ZFS Automatic Snapshots - now with send/receive!
I've finished writing the next round of features for my ZFS Automatic Snapshots SMF Service prototype. You can download this as zfs-auto-snapshot-0.6.tar.gz
The main new features in this release are:
- ZFS Send/Receive support
- Multiple schedules per filesystem
The send/receive support means that if you want it to, the service can send backups of each snapshot, either full streams or incremental streams, depending on how the service is configured. The service will also send snapshots of all child filesystems, if required, though without the send -r support in ZFS, this is a little unweildy a at the moment.

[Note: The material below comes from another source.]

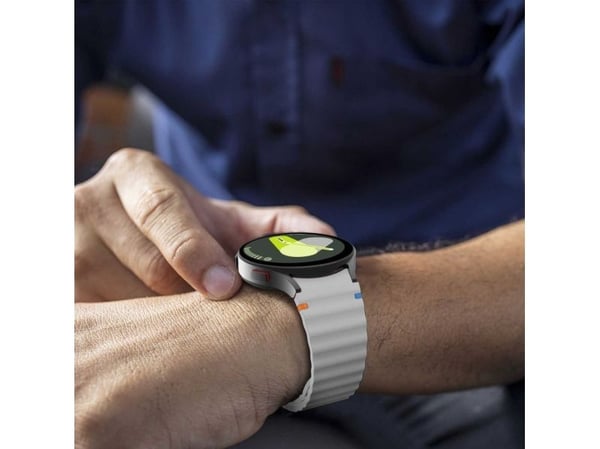 Tech-Protect silikonreim SPORT til Samsung Galaxy Watch 4/5/5 Pro/6/7/FE StarLight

There's a SMF property which the user can set to the command which should recover the backup stream. Typically, this would be a "zfs receive", but there's no reason why you couldn't simply cat the output to a unique file on an NFS server. I've altered the bundled GUI to also ask for these new options when it's constructing a new manifest:
The multiple schedules per filesystem feature allows the user to assign an optional label to each snapshot schedule, allowing multiple schedules for the same dataset. For example, for a given filesystem you might choose to take monthly full backups, sent to a remote server (and backed up to tape as a flat file), but also daily incremental backups, perhaps via zfs send/receive to a different server.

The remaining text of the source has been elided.